But that's not how I remember the book. Mike knows things, everything public anyway. Some events break the revolutionists' way early, but a thousand small unmentioned things change the balance. And time is running out. Read the book, and judge for yourself. One of Heinlein's best, along with my favorite, Stranger in a Strange Land.]

[UPDATE 2:

I dug into it a little bit and I am convinced that I'm right. The original post is a very nice review of the book. Great story, but lots of not-PC stuff, characteristic Heinlein. However, it is clear that (1) Jo Walton does not understand Bayes (hence the first part of the quote above) and (2) Heinlein does, at least to the extent he knows how to bet on a horse race, and can appropriately update odds when in possession of new information.

I looked through an online version of the book (pdf) and read all the pages where the word "odds" appears, and nearby.
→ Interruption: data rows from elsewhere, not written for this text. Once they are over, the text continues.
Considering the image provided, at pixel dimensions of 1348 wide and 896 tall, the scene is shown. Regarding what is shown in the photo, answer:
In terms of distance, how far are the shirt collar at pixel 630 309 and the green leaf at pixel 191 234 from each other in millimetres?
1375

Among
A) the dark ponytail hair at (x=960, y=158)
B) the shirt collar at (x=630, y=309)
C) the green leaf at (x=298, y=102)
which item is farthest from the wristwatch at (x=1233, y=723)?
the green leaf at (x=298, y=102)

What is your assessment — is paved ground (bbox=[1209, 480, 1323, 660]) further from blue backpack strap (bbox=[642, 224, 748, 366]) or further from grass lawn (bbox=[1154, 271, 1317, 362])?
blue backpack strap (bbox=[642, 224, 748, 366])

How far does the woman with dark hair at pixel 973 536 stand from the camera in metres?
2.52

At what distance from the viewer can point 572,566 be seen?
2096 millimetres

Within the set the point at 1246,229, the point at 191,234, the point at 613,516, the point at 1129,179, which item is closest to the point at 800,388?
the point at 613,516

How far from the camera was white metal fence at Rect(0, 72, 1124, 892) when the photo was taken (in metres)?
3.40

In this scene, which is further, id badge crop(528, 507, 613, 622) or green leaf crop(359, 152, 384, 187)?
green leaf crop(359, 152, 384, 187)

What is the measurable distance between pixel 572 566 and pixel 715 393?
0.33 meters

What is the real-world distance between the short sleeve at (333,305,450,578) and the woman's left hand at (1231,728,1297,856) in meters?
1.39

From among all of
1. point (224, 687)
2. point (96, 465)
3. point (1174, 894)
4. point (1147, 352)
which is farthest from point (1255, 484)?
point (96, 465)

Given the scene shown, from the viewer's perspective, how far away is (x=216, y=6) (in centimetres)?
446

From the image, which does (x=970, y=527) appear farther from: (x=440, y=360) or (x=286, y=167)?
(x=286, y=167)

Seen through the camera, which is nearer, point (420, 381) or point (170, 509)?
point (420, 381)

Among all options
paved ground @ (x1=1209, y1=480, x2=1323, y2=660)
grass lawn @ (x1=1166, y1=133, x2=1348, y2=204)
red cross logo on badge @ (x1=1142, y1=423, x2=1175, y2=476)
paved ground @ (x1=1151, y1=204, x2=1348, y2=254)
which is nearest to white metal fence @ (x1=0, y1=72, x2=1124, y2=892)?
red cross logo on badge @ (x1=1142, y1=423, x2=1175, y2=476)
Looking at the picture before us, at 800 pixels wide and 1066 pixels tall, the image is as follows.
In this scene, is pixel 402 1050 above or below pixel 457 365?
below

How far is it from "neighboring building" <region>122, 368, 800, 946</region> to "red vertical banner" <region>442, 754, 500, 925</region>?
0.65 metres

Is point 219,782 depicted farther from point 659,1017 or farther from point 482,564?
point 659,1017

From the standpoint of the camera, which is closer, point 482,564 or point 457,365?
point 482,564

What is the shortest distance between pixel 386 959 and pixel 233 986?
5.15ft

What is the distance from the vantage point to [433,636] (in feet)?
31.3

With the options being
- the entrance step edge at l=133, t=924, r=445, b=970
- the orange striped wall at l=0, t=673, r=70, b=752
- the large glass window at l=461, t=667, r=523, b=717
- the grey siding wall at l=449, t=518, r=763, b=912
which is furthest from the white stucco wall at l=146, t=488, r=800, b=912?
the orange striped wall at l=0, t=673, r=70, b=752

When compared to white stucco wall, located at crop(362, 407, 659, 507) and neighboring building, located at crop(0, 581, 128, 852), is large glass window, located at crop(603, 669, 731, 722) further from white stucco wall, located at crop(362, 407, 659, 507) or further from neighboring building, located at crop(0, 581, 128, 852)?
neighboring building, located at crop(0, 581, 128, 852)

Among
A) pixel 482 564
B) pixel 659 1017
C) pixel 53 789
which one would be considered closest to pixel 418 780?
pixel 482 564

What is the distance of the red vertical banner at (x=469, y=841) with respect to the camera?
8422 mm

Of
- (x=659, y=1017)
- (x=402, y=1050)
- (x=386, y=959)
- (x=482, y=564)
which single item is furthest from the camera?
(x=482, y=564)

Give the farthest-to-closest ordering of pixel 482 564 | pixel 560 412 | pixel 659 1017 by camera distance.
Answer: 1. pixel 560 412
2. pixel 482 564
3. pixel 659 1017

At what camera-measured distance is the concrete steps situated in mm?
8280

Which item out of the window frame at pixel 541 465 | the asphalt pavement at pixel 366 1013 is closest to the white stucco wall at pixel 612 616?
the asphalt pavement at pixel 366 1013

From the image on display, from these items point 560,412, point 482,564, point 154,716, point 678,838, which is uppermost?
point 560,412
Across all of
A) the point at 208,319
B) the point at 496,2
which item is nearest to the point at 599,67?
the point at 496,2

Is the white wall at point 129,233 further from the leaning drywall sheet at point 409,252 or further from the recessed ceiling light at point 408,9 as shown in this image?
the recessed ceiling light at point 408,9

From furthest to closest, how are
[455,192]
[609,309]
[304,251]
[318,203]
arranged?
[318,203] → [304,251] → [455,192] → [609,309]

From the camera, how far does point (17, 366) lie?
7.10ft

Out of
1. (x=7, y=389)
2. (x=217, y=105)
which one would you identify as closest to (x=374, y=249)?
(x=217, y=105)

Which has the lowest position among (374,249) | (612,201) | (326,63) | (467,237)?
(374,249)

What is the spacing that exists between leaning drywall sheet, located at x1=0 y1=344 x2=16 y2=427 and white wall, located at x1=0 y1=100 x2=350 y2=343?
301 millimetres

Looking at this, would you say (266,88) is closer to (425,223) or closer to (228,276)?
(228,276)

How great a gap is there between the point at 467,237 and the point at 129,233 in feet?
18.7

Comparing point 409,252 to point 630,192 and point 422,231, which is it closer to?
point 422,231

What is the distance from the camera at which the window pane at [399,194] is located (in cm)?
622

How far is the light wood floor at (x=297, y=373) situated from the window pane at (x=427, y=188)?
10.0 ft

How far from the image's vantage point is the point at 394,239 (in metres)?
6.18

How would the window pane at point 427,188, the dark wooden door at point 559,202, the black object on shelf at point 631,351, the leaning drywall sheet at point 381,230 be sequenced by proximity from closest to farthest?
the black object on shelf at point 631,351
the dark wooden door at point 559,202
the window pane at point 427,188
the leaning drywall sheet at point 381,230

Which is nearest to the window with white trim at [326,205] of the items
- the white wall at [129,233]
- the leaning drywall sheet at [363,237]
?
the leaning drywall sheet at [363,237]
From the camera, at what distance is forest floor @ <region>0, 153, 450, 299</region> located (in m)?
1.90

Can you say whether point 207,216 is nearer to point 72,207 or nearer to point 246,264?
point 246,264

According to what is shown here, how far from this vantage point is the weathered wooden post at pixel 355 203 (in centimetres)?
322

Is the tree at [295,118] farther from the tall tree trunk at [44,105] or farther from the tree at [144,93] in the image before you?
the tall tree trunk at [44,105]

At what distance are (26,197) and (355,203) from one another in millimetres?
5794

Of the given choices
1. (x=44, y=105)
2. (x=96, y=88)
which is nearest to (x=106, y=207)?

For an example showing Heinlein's understanding, you might read the discussion about the comparative advantage of various strategies depending on the selected time frame (p. 57-58).

The sequence that Brad DeLong thinks damning, that the revolutionists' odds of success are improved after the trip to earth, is just unclear. We're never told what Mike has been "thinking" during this time, or much about what's been happening overall. The evidence used to update the odds is not given to us.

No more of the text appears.